If I was trying to scale hsd though, i would try to get the data as fast as i can from it so i would be able to do my own processing. I think the AXFR + merged zone could be done in a plugin to see how well it works. The zone is pretty small currently ~47M so it wouldn't make a big difference if the signing was done in javascript but I expect dnssec-signzone to be faster at this (and this tool is also battle-tested).

I think you could also make a plugin that does AXFR and merges the zone by running your python script. Have you tried signing zones that are 10GBs or more(I think dnssec-signzone also needs to do sorting not sure if it does it in memory)? There are very few websites on handshake right now I expect the root zone to become much larger so maybe something to keep in mind.

Clearly it is not as good as it possibly could be (as above), but it works, is reliable and supports full RFC DNSSEC in all handshake & ICANN domains & sub-domains to any level, inc support for DNS cookies for cache requests & client requests.

Yeah, that's also what i'm thinking this is still an option. I personally prefer something like this than rely on hsd directly to sign the zone and export it but i know it's more convenient. Maybe with a plugin that does the merged zone it can be even easier.

I've offered this before, but nobody liked it more than sticking with SIG0, which ensures hsd will not interoperate with any other DNS s/w, so I gave up.

It's okay to have some disagreements! SIG0 is a valid option but i don't think it is useful if I can run HSD root server with any std DNS software i want (which I can with online signing). When i'm using hsd ROOT server though, i'm not thinking of serving it at the scale of 1.1.1.1 nor anyone should. It should be reasonably light and works with existing dnssec software with moderate traffic (it can still serve thousands of devices very easily) and I can also run it on my laptop as a light client without needing to be a full node.
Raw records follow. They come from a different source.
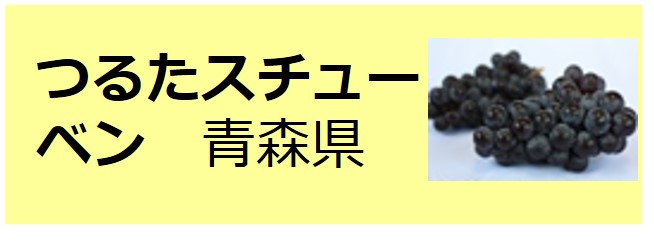 Tsuruta_Stuben
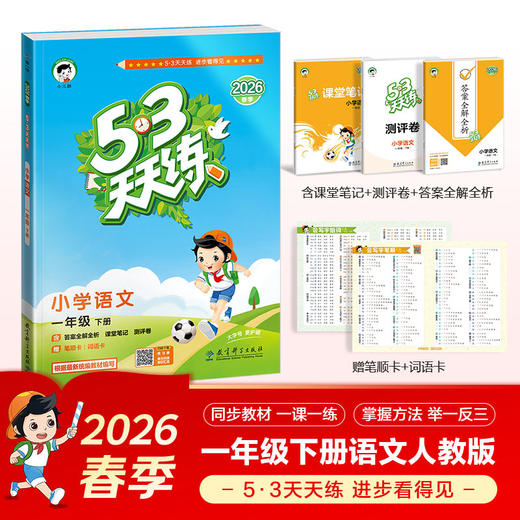 2026春｜53天天练｜下册 商品图0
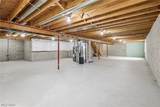 471 Tulip Trail - Photo 15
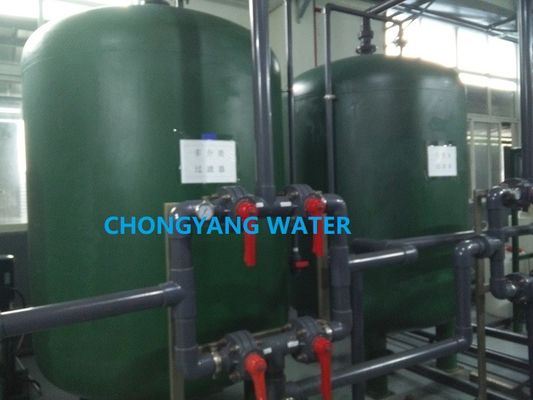 औद्योगिक आरओ संयंत्र आरओ बड़े उपकरणों के लिए जल उपचार प्रणाली 380V 50Hz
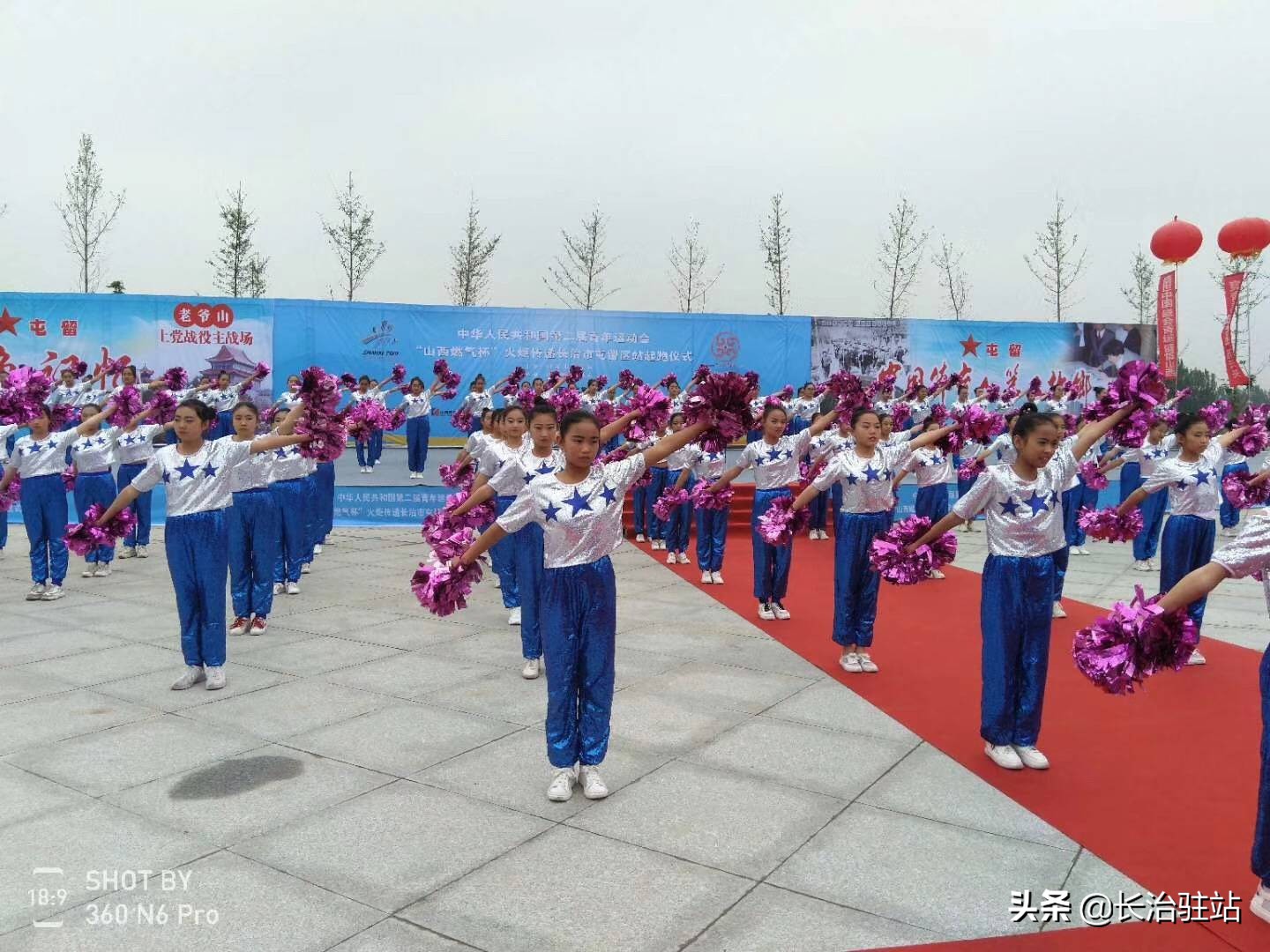 二青会实体火炬首站传递,二青会实体火炬传递完美收官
If the merged zone also works well enough and some people prefer it, we can also have that as an option especially plugins now open lots of possibilities. For light clients and hsd's built-in root server, I still think online signing is more suitable (again not trying to be the next 1.1.1.1 here with hsd root server). So at least for me, I don't really disagree with this.

You mentioned using PowerDNS as backend as well. I think with AXFR/IXFR it may be possible to keep an SQL backend up to date and use any of the signing options that PowerDNS provides.

I feel the format is a bit kludgy, but yes, functionally, it's really neat - and bind can convert an AXFR into an IXFR by finding the differences - ixfr-from-differences yes;

I thought IXFR would be pretty easy to implement without doing a diff but it seems like hsd database is mainly optimized to lookup names. So even the order of data in the zone dump is not preserved (i didn't dig too much into this but that's what I heard so far). It doesn't seem like there is an easy way to only get the updates after x number of blocks or to only get changes after a specific time. So ixfr-from-differences or something similar may be the only option right now :( I still want to look into this more if I ever get some free time but i'v been very busy these days

buffrr commented 3 years ago

If The DANE Authentication Chain Extension for TLS makes it to RFC (as far as I can see it hasn't yet - but I've seen nothing since late 2020, so maybe its been abandoned in favour of something else?), then all the client has to do is ignore the ROOT & TLD DNSSEC data provided & query their own resolver for it (as they would have done without this extension), and most of the acceleration provided by this extension would still be beneficial.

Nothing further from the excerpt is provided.